#### THE RECORDS
-*-*-
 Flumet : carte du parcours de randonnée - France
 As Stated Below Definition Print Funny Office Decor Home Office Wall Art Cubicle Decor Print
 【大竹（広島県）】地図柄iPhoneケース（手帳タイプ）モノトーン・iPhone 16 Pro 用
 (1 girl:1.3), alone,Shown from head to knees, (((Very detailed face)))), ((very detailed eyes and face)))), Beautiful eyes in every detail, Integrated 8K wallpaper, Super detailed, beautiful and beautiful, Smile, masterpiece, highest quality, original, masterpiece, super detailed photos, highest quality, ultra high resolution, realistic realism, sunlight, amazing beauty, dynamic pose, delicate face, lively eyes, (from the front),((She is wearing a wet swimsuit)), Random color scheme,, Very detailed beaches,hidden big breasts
-*-*-
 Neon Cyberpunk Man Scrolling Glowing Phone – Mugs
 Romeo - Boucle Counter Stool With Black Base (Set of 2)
-*-*-
#### EXERCISE
Retype only the stretch of lines above starting at the one with "As Stated Below" and stopping at the one with "(1 girl:1.3), alone,Shown", exactly as written, with both kept.

#### SOLUTION TO THE EXERCISE
 As Stated Below Definition Print Funny Office Decor Home Office Wall Art Cubicle Decor Print
 【大竹（広島県）】地図柄iPhoneケース（手帳タイプ）モノトーン・iPhone 16 Pro 用
 (1 girl:1.3), alone,Shown from head to knees, (((Very detailed face)))), ((very detailed eyes and face)))), Beautiful eyes in every detail, Integrated 8K wallpaper, Super detailed, beautiful and beautiful, Smile, masterpiece, highest quality, original, masterpiece, super detailed photos, highest quality, ultra high resolution, realistic realism, sunlight, amazing beauty, dynamic pose, delicate face, lively eyes, (from the front),((She is wearing a wet swimsuit)), Random color scheme,, Very detailed beaches,hidden big breasts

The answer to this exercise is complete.